Entre des investissements à la baisse et des transitions coûteuses, le conseil régional de Nouvelle-Aquitaine s'engage sur un budget 2024 stable à 3,5 milliards d'euros. Une somme abondée par une fiscalité inadaptée à la transition écologique, déplore la majorité socialiste.
Maxime Giraudeau
« Notre fiscalité est totalement inadaptée à nos compétences », se plaint Alain Rousset.
« Notre fiscalité est totalement inadaptée à nos compétences », se plaint Alain Rousset. (Crédits : Agence APPA)

« Un budget qui d'année en année devient de plus en plus difficile à bâtir. » L'acte est décidément éprouvant pour les régions. Après un périlleux exercice mené en 2023 sous contexte d'inflation et qualifié de « jamais vu », le conseil régional de Nouvelle-Aquitaine présente ce lundi 11 décembre en séance plénière son budget 2024 chiffré comme l'an dernier à 3,5 milliards d'euros.

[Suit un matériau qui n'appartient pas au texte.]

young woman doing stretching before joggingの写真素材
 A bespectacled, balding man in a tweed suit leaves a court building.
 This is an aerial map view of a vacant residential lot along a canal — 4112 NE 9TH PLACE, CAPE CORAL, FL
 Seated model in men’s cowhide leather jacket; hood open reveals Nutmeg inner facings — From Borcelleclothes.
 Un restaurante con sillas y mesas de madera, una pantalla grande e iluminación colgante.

Avec 3 % de croissance des recettes, la majorité socialiste dit subir un ralentissement de la hausse des dotations. « Les régions sont les collectivités les plus impactées, entre l'absence de solidarité de l'État et le fait que notre fiscalité est totalement inadaptée à nos compétences », lance le président Alain Rousset. Avec dans le viseur la baisse de 107 millions d'euros des dotations des régions dans le projet de loi de finances 2024, mais aussi les recettes issues de la taxe sur les carburants (TICPE), stables en 2023, et celles des cartes grises qui ont plongé de 17,6 %.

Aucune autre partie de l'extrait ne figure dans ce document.